Delivery trucks require a human to drive. And despite the insistence otherwise, we are a long long way from any sort of automated driving system. They also operate on a 2-dimensional plane and have to navigate around a variety of structures.

Conversely, aerial automation is significantly easier since it is 3-dimensional and there are not obstacles to navigate. This also means it's much easier to automate.

Companies like Zipline have been operating these services for many years now with great success.

Delivery trucks require a human to drive.

Ok... and? How is that a problem that needs solving?

Humans are expensive and error-prone.

Weird, they seem to have done just fine delivering things for centuries now...

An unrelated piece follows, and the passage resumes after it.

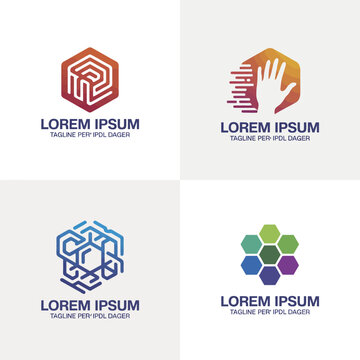 Four modern with text and tagline in a grid layout lorem ipsum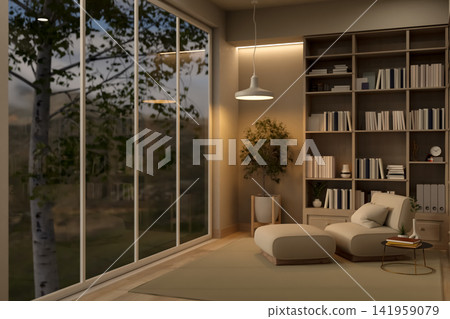 Cozy Home Library Corner with Lounge Chair and Large Garden Window Cozy Home Library Corner with Lounge Chair and Large Garden Window 141959079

Define "just fine"? Needless deaths and property damage are caused by human drivers all the time. I mean we could deliver things "just fine" on foot but everyone would be waiting a lot longer...

All the time? I'd like to see the statistics on deaths caused by delivery drivers.

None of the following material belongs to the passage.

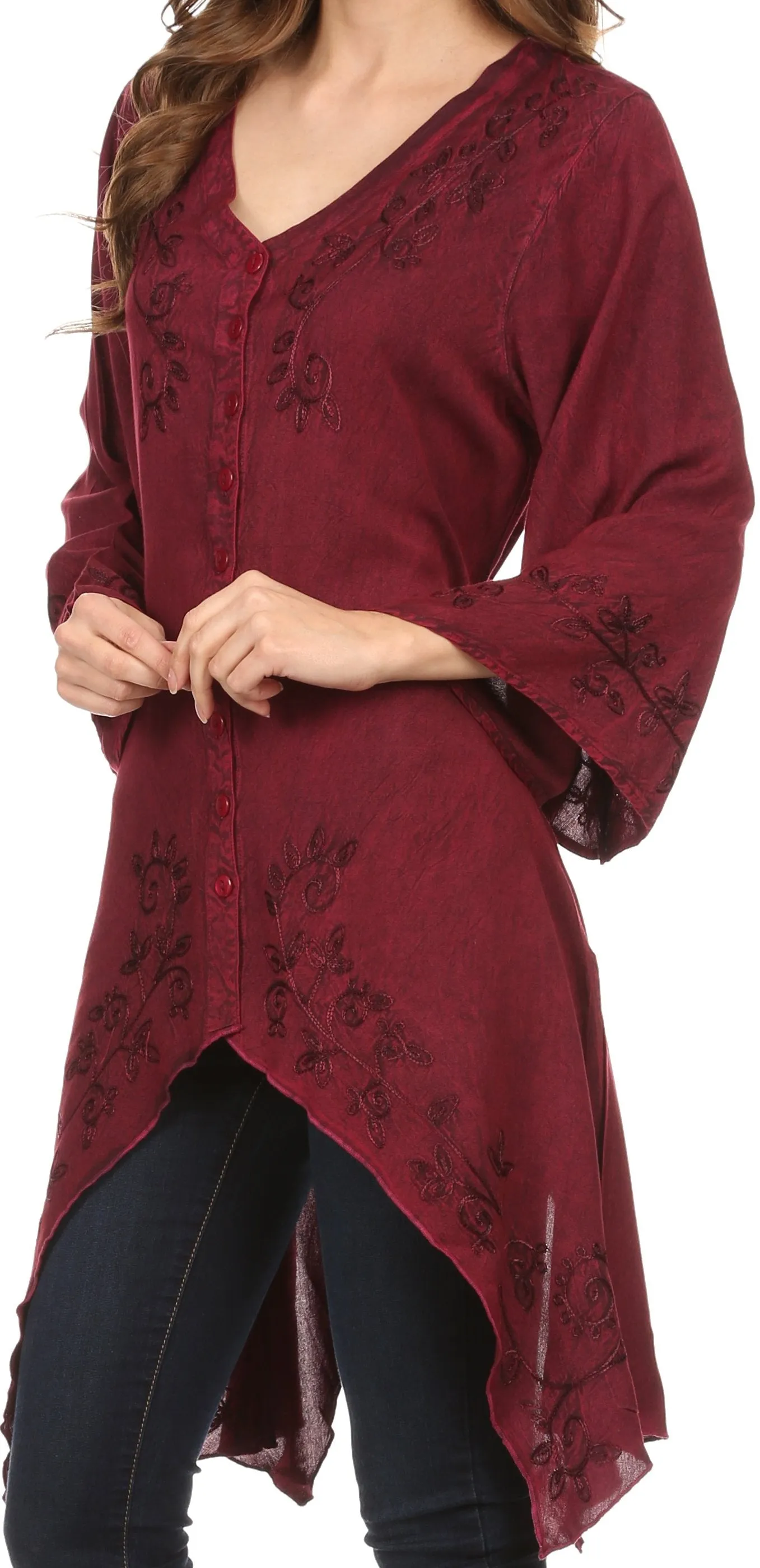 Sakkas Gella Button Down Blouse Top With Bell Sleeves And Handkerchief Sides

And I'm not sure why you think similar things wouldn't happen with drones.

According to The Insurance Institute for Highway Safety:

A total of 4,714 people died in large truck crashes in 2021, a 17 percent increase compared with 2020. Sixteen percent of these deaths were truck occupants, 68 percent were occupants of cars and other passenger vehicles, and 15 percent were pedestrians, bicyclists or motorcyclists.

How many of those were package delivery drivers?

You asked for a statistic on deaths caused by delivery drivers because you know it probably doesn’t exist. Your mind is clearly already made up, so why even bother posting?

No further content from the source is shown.